Comment éviter la saturation des hôpitaux, alors que 100 000 lits ont été fermés en vingt ans pour réaliser 9 milliards d’euros d’économies et que 5 700 lits ont encore été supprimés en 2020 ?
Comment rassurer la population sans avoir la maîtrise de la production des médicaments, dont les vaccins, par un pôle public du médicament et des dispositifs médicaux ? Voir s’envoler les profits des labos en pleine crise sanitaire, économique et sociale est indécent et sème le doute parmi les populations.
Comment faire en sorte que les professionnels ne quittent pas le chemin de l’hôpital, épuisés par leurs conditions de travail, dépités d’avoir été applaudis hier et stigmatisés aujourd’hui par la loi du 5 août 2021 relative à la gestion de la crise sanitaire qui a rendu la vaccination obligatoire pour eux avec, en cas de refus, une suspension immédiate de leur contrat de travail sans rémunération ?
Comment ne pas s’inquiéter de ces milliers de suspensions qui entraînent des tensions dans les établissements, alors qu’ils manquent déjà cruellement de personnel ? Par exemple, l’hôpital de Mulhouse a dû déclencher le plan blanc pour réquisitionner du personnel, et la loi ne peut être appliquée dans certains départements ultramarins au risque de fermer des établissements hospitaliers !
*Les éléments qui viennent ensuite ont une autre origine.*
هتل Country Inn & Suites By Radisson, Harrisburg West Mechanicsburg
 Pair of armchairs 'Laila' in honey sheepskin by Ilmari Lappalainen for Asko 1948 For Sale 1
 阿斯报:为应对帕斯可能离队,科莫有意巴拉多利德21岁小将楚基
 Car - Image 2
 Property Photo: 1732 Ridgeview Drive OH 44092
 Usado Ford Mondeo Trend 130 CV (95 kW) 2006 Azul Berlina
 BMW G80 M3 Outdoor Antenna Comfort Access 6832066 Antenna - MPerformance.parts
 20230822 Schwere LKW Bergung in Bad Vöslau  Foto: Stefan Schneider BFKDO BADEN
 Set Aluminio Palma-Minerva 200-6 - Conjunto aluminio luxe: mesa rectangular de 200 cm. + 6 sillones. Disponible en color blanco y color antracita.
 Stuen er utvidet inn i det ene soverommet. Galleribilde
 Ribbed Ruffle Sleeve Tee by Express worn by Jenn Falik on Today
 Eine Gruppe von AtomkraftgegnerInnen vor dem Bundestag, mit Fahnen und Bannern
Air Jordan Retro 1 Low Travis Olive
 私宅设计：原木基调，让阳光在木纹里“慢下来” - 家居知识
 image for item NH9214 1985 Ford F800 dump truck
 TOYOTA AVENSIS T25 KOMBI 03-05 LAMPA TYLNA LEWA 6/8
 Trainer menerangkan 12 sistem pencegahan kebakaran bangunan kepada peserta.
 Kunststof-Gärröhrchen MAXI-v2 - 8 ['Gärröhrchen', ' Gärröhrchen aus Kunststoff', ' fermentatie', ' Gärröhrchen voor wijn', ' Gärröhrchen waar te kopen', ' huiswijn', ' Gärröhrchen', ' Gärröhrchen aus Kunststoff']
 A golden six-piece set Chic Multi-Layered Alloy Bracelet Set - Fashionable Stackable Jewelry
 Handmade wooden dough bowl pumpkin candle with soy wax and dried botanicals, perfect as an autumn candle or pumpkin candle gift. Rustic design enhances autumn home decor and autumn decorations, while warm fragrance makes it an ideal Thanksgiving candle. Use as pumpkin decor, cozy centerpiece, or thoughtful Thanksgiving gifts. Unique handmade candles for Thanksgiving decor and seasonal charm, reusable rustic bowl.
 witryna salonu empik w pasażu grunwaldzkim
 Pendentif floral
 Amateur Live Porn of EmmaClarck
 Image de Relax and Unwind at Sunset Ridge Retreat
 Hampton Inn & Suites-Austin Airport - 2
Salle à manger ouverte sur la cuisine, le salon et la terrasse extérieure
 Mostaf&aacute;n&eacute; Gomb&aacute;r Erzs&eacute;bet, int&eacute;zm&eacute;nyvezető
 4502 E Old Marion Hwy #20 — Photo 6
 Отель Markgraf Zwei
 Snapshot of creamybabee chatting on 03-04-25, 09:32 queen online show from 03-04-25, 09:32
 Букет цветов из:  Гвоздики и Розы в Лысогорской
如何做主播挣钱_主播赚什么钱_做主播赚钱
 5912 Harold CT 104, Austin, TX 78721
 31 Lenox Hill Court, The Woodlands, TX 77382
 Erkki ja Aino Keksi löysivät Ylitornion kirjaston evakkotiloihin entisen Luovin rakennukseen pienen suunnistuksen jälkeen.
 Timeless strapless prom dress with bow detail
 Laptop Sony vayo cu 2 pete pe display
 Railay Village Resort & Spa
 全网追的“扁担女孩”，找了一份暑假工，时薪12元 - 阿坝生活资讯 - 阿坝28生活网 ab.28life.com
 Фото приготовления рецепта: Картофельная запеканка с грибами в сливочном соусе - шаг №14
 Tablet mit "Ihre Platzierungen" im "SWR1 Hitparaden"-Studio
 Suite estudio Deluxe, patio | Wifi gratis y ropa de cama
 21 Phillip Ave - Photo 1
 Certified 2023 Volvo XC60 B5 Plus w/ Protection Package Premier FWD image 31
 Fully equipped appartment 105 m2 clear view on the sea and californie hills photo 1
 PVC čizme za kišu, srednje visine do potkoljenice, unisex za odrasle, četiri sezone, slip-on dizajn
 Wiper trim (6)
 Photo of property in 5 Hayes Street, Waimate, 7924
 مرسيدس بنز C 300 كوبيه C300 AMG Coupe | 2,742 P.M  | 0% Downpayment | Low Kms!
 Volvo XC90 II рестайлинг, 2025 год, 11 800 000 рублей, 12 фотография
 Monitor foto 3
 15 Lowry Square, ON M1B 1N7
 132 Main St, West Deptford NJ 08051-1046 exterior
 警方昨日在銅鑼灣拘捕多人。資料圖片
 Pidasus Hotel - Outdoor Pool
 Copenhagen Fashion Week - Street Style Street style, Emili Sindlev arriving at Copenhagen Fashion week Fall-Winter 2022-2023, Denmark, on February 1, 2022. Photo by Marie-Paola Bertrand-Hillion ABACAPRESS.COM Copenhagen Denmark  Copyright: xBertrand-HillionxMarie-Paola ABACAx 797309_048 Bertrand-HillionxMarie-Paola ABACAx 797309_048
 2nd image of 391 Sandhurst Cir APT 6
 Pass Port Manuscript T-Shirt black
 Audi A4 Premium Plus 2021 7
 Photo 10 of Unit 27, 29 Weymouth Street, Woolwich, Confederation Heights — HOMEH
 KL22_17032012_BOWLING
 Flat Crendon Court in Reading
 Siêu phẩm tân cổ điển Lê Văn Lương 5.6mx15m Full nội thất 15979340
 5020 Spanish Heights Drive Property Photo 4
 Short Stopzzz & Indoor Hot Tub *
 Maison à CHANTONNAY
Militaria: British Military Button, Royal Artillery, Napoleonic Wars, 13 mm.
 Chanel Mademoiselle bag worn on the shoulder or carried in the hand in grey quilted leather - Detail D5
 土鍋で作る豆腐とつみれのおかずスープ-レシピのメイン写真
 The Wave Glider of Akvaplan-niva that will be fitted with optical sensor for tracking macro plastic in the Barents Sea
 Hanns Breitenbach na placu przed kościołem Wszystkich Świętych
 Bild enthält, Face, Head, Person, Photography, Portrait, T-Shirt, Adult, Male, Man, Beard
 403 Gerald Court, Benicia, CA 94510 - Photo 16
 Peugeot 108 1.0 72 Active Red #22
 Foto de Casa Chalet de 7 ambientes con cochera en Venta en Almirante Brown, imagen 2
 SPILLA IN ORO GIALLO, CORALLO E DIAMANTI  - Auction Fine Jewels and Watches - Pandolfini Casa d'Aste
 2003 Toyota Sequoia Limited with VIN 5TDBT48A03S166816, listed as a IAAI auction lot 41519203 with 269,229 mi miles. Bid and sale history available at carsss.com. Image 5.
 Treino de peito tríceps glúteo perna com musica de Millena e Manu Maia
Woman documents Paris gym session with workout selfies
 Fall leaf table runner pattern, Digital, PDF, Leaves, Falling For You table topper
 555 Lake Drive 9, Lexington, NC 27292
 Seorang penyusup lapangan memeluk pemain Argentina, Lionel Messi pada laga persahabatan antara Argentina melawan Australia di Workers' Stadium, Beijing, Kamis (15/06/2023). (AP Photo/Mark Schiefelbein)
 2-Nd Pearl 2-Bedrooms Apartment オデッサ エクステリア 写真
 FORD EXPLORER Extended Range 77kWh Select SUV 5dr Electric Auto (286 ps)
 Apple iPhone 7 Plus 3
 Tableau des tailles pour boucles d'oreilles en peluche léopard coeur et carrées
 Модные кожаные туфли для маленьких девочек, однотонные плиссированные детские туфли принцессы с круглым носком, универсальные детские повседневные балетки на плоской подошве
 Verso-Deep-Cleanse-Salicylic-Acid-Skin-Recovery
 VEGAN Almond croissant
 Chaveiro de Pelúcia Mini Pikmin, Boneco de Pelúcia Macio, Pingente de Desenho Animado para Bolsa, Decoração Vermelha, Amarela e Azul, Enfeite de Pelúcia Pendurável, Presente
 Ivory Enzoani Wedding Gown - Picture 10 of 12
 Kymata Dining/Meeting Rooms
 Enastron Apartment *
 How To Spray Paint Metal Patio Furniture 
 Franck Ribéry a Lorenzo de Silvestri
L’impératif de santé publique nécessite une véritable révolution copernicienne de notre système de santé avec un financement qui soit assuré selon les besoins en personnel, en lits et en hôpitaux de proximité, non selon des objectifs de réduction des budgets publics.
La grande majorité du groupe CRCE votera contre cette proposition de loi : si nous partageons l’objectif d’une couverture vaccinale la plus large possible, vous l’aurez compris, nous préférons une forte adhésion de la population à la contrainte.